I trot behind her as she’s in high gear again. Seriously, she’s quite the power walker on those short, stubby legs. Where is Harry and his golf cart?

“Are you seeing anything?” I call to her back.

“Not yet.”

“Hold up a second.” My shoe has come untied. I press my sole against the wide trunk of an oak tree and bend over to tie it. It’s funny that there are more oaks than there are cedars or even pines, given the name of the place.

Misty waits ahead at the mouth of Trapper Bing’s driveway. She better not scare the birds or he’s liable to call the police. And if Rondi sees her, she’ll come out and talk our heads off.

“Ready?” I say and take the lead.

In the distance is Bent McCourtney’s house. From here it looks like a glass airplane hangar, oddly at home on the top of its grassy knoll, staring down on us peons. His open field is so green it looks like someone colored it with a crayon.

The bocce ball courts are the same as they always are—deserted. At one time, before they fell into disrepair, they were popular with the residents, according to Harry. I myself have never played. It’s too hot in Vegas for outdoor games.

It’s become a regular part of my running course but today I try to see it differently, through Willy’s eyes.

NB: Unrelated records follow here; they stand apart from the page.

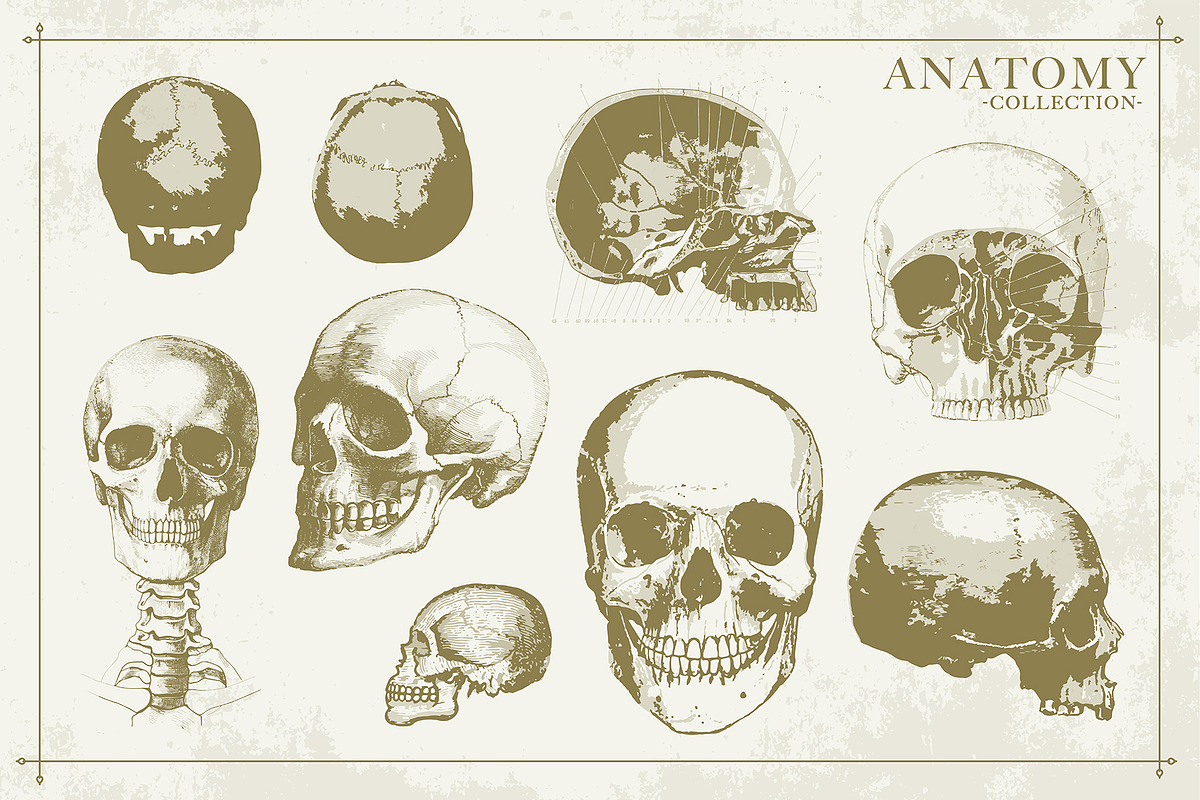 100+ Vintage Anatomy Vectors, a Healthcare Illustration by Shizzle Stock (Photo 20 of 20)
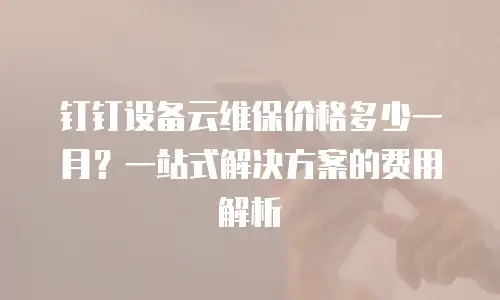 钉钉设备云维保价格多少一月？一站式解决方案的费用解析
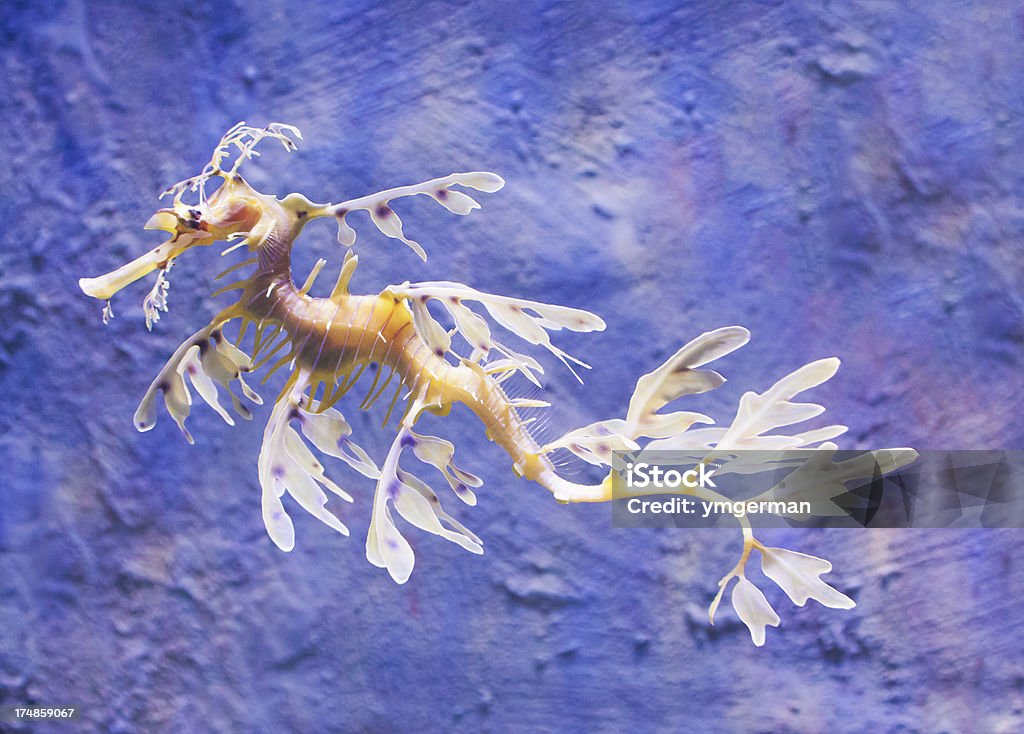 Dragone foglia - Foto stock royalty-free di Dragone foglia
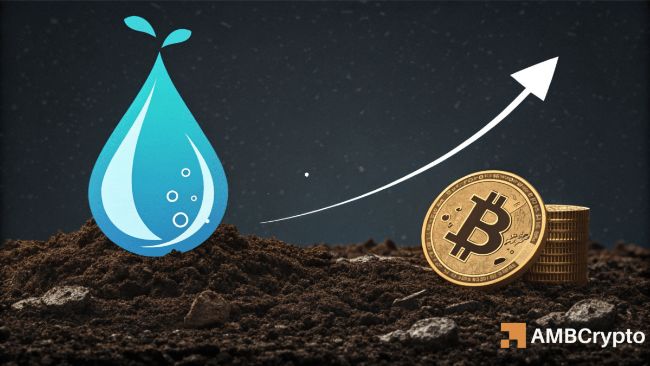 رونمایی BTCfi و افزایش TVL، نقطه عطفی برای رشد SUI در بازار دیفای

I walk onto the first court, get down on my knees, and try to rake away months of dead leaves and debris with my hands. My heart leaps when I reach the bottom. “Is this crushed stone?”

Misty gets down beside me and runs her hand over the surface. “That or decomposed granite. But it’s not what I saw. They were rocks. Real rocks.”

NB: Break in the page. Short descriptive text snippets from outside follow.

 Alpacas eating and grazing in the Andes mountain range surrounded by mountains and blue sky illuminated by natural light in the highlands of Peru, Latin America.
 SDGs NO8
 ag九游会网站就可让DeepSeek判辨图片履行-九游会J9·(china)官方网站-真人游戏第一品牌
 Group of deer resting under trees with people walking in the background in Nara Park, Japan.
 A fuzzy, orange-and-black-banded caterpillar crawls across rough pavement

She also mistook a DiGiorno ad for a pizza parlor.

“How long have these courts been here?”

“They were here when I moved in fifteen years ago.”

“They predate Willy buying the park, then.” My pulse quickens.

I flop over into a sitting position and retrieve the notebook from my bag. By now, I should have the riddle memorized. I read it again, hoping to glean something new. Something helpful.

“ ‘In the shade of towering pines, a cedar stands tall, its presence defines. Beneath the dry stacks, where courts reside, my gift to my neglected daughters is tucked inside. From the green to the grave, I’m making up for lost time, assisting your swing and guiding your stride. Tucked away with care, in a bag that’s always there.

Providing funds for the game, my presence, you can’t disclaim. ’ ”

I look up and for the first time I notice that the bocce ball courts are in a copse of pine trees. Towering pines. By now, every fiber in my body is pulsing. My heart is pounding. “This is it, Misty.”

“These aren’t the rocks,” she insists. “They’re nothing like what I saw.”

“They have to be. Look”—I wave my hands at the trees—“we’re ‘in the shade of towering pines.’ This”—I pound the hard surface of the bocce ball court—“is ‘the dry stacks where courts reside.’ It has to be. We just have to figure out which one, which court.”

Her expression remains resolute. “This is wrong. You have to trust me on this. I can feel it.”

If I had a shovel, I’d start digging now just to prove her wrong.

I whip out my cell phone to call Emma. So what if she’s mad at me?

We should be here for this together. Celebrating this together.

She can be pissed at me later. And Liam.

He should be here, too. We wouldn’t have gotten this far without him.

“Wait!” Misty says and I look over at her to see if she’s having another one of her visions. “Do you see what I see?”

I follow her gaze and suck in a breath. Beneath the dry stacks, where courts reside, my gift to my neglected daughters is tucked inside .

Oh my God, how did we miss it?

“That’s it, isn’t it, Misty?” I can barely breathe; my heart is racing so fast. “The dry stacks. It was right here in front of us all along. There’s the cedar tree, marking the spot.”

“Yep. It’s what I saw in my vision. It’s exactly what I saw. I just didn’t realize at the time that it was the stone wall. The golf bag is in Bent McCourtney’s wall.”